The story is told through Talker, a Ranger-come-lately. Talker is called Talker by the other Rangers because he’s a translator, speaks lots of languages, and not knowing exactly what situation the spec ops units being sent forward in time might encounter, the higher-ups figured it might be good to have some folks attached who can help out in case our heroes end up in a non-English-speaking realm. What the higher-ups don’t account for, as we learn from Talker, is just how far in the future they end up.

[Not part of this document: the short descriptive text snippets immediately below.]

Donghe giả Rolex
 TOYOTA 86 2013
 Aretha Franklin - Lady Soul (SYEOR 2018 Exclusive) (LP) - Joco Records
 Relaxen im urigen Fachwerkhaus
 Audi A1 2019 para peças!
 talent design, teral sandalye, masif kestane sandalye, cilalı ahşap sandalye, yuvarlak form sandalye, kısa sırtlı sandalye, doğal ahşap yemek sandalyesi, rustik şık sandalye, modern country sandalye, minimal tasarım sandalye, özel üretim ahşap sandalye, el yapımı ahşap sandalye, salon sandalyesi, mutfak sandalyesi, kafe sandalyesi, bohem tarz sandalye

Ever wonder what the Battle of Helm’s Deep might have been like if Aragorn, Legolas, Gimli, Théoden, and the Rohirrim had machine guns to use against Saruman’s horde? You’ll get a taste of that and more in Forgotten Ruin. And what about the other units that went through, what happened to them? Talker and his Ranger buddies learn some lessons about them the hard way and seek not to repeat others.
The world Anspach and Cole have created, that of a modern military unit being cast into a medieval-style past/future/alternate reality, is nothing new under the sun, but their choices and execution of same render this nothing short of a masterpiece in the space. Is that too gushing of a sentiment? Tough. I told you at the outset I could not be impartial with this one.
Simply put: if you love military thrillers, if you love sword-and-sorcery fantasy, you will love Forgotten Ruin. Grab yourself a copy, Ranger Up with Talker and the gang, remember to Be Meaner Than It, and enjoy a great read.